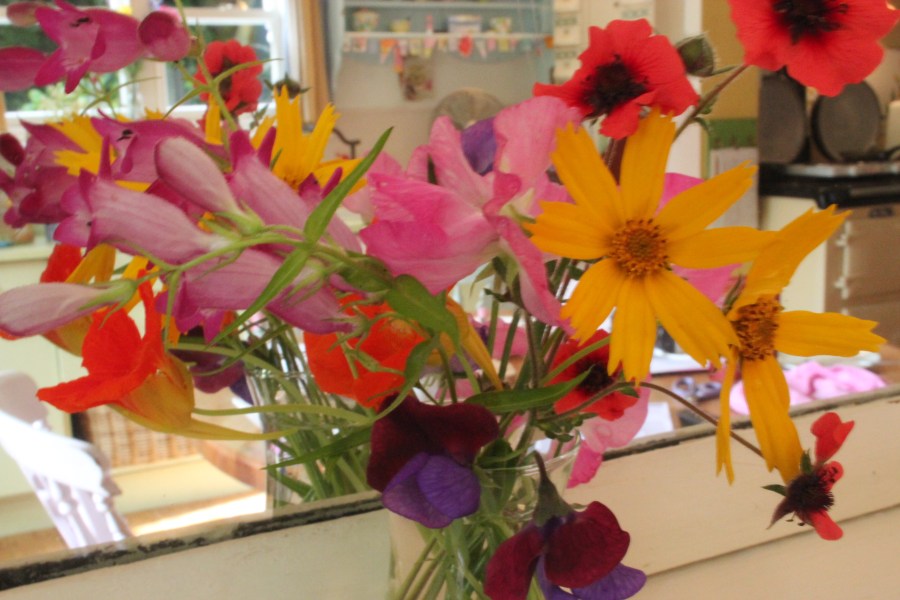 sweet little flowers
==
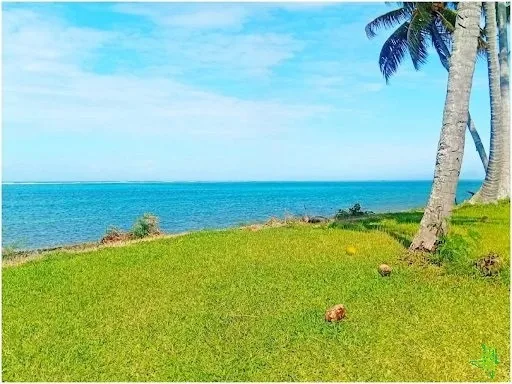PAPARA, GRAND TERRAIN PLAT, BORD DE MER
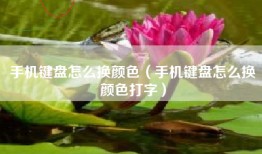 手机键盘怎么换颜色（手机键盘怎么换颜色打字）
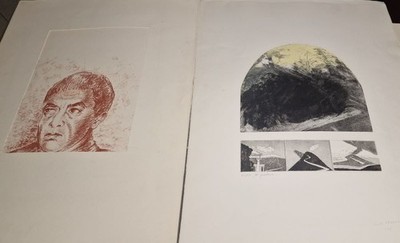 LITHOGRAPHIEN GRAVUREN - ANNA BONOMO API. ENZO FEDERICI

WHAT IS REQUIRED: Print nothing but the lines above starting with the line that contains "PAPARA, GRAND TERRAIN PLAT, BORD DE MER" and going on through the line that contains "LITHOGRAPHIEN GRAVUREN - ANNA". Leave out the pictures.

OUTPUT BELOW:
PAPARA, GRAND TERRAIN PLAT, BORD DE MER
 手机键盘怎么换颜色（手机键盘怎么换颜色打字）
 LITHOGRAPHIEN GRAVUREN - ANNA BONOMO API. ENZO FEDERICI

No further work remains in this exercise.